As orientações de 2022 trazem algumas alterações relevantes comparativamente com 2016 (últimas orientações). Veja quais nas imagens.

  1. Superfície do sono
    1. Em 2016 era apenas recomendada uma superfície firme.
    2. Nas orientações de 2019 é recomendada uma superfície firme, plana e não inclinada.
  2. Amamentação
    1. Já nas orientações de 2016, amamentar parecia estar associado a uma redução do risco de morte súbita do lactente.
    2. Nas orientações de 2022 a evidência continua a apoiar este fator protetor.
  3. Local onde dorme
    1. Em 2016 as orientações recomendavam a partilha de quarto com os pais, num local próximo à cama dos pais mas, preferencialmente, numa superfície distinta da cama dos pais. A partilha de cama parecia aumentar o risco, principalmente em bebés com menos de 4 meses e/ou baixo peso e em situações de partilha de cama insegura (tipo de colchão, posição do bebé, práticas dos pais).
    2. As novas recomendações mantêm forte recomendação com evidência científica muito forte de que os bebés devem dormir junto dos pais, idealmente numa superfície independente, pelo menos, até aos 6 meses. A Academia Americana de Pediatria reitera que respeita as opções familiares na partilha de cama, entendendo que existem várias razões para a opção dos pais. No entanto, em termos de evidência o que temos nesta nova revisão é evidência que é mais seguro que a criança durma numa superfície independente, o mais próxima possível dos pais, mas não comum. É fundamental explicar que a magnitude no risco da partilha de cama não é igual para todos, ou seja, determinadas situações ou condições tornam a partilha de cama mais ou menos segura.
      1. Situações em que a partilha de cama é totalmente contraindicada:
        1. Utilização de medicamentos que induzam sonolência;
        2. Pai e/ou mãe fumadores ou ex-fumadores há menos de 1 ano;
        3. Colchão pouco adequado, por exemplo, demasiado mole ou velho, sofás ou poltronas.
        4. Criança com menos de 4 meses (mesmo sem outros fatores de risco);
        5. Partilha de cama com outro cuidador que não sejam a mãe e o pai do bebé;
        6. Bebé prematuro ou baixo peso à nascença
        7. Utilização de acessórios no berço (fraldas, naninhas, mantas, brinquedos, etc)
  4. Roupa de cama
    1. Este ponto mantém a recomendação de não utilizar roupa de cama, regulando a temperatura do bebé com roupa que veste. Pede-se particular atenção ao sobreaquecimento que é um fator de risco para síndrome de morte súbita.
  5. Utilização de chupeta
    1. Em 2016 recomendava-se a não introdução de chupeta, pelo menos até estabelecimento da amamentação, em bebés amamentados.
    2. As novas orientações mantêm a mesma recomendação. Em bebés não amamentados a utilização de chupeta parece estar associada a redução do risco.
  6. Monitores cardiorrespiratórios
    1. Não está recomendada a utilização destes dispositivos de monitorização cardiorrespiratória para prevenção de morte infantil.
  7. Tummy Time (colocar o bebé de barriga para baixo quando está acordado)
    1. As orientações de 2016 não referiram evidência na associação entre o tummy time e a redução de risco de morte infantil.

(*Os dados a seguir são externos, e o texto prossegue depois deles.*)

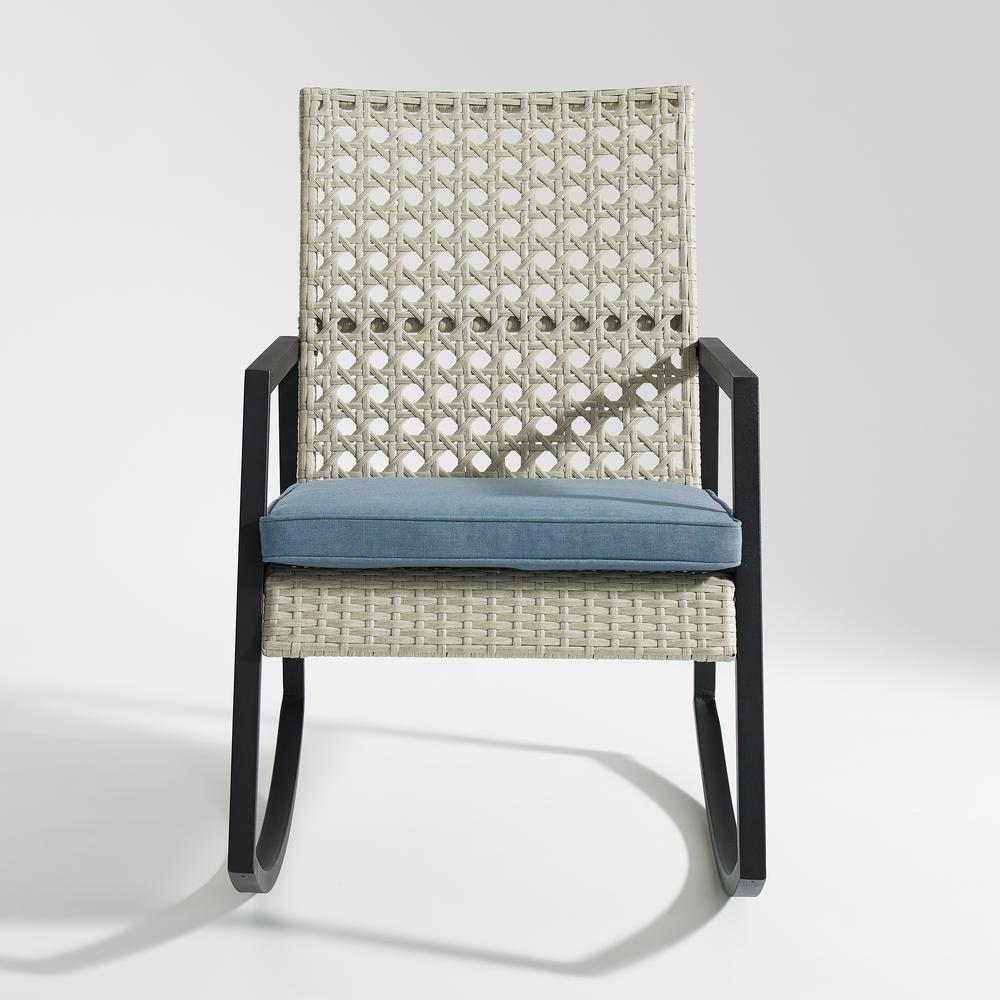 Modern Patio Rattan Rocking Chair - Light Grey/Blue. Picture 1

    2. As orientações de 2019 encorajam os pais a colocar os bebés na posição de Tummy Time supervisionados e por curtos períodos a iniciar após a alta hospitalar e ir aumentado gradualmente o tempo para 15 a 30 minutos no total.
  8. Swadding
    1. Nas orientações de 2016, a técnica de contenção e enfaixamento era apenas desaconselhada a partir do momento em que a criança começasse a rebolar.

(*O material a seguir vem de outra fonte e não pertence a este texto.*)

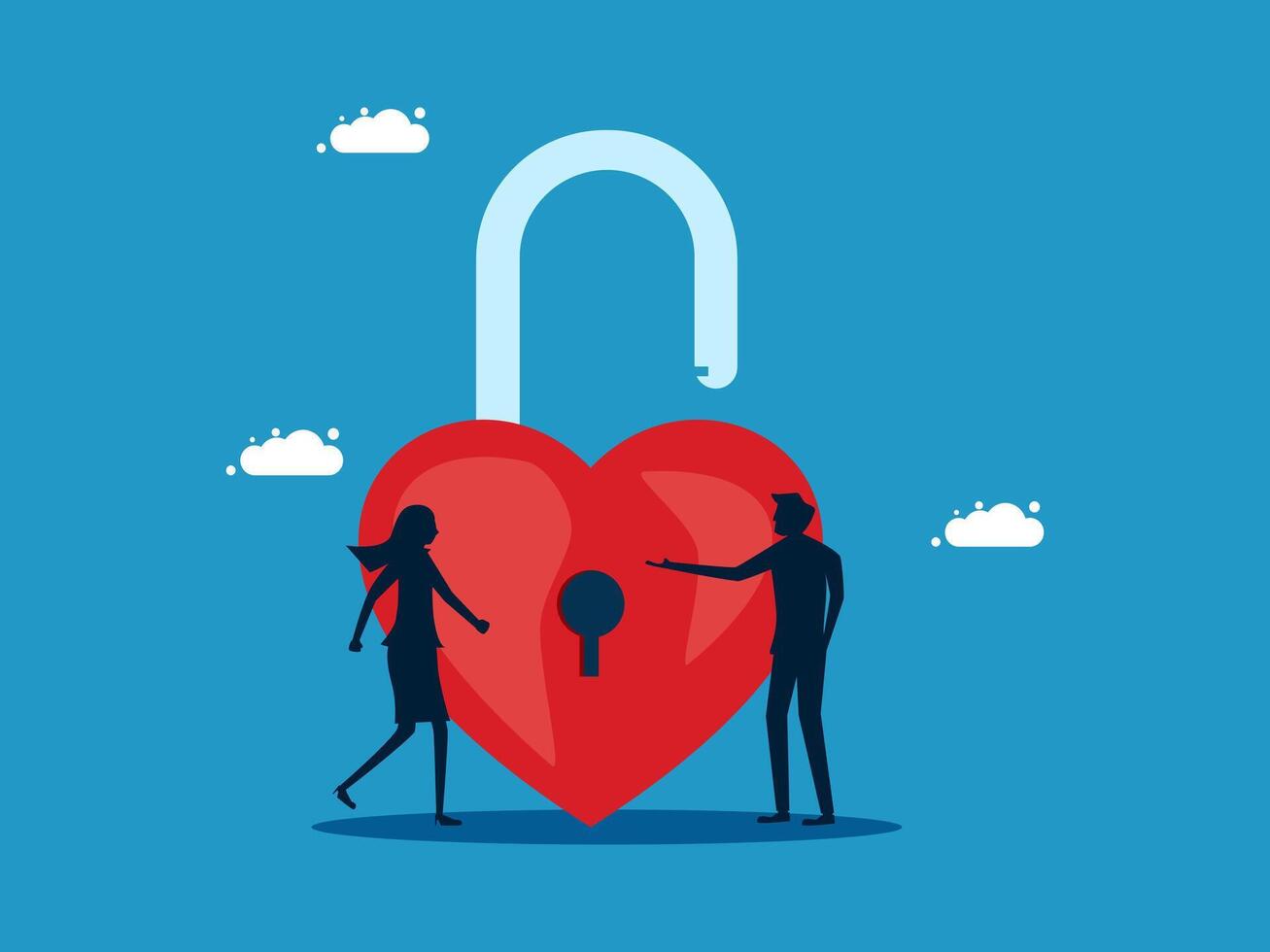 a man and woman are holding a heart shaped lock vector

    2. Nas novas orientações o swaddle parece ser desaconselhado.

Não menos importante, as guidelines de 2022 reforçam a necessidade de formação por parte dos profissionais que trabalham com pais e cuidadores bem como informação dos pais para que tomem decisões conscientes. Só desta forma será possível mantermos tão baixo o número de mortes infantis associadas ao sono.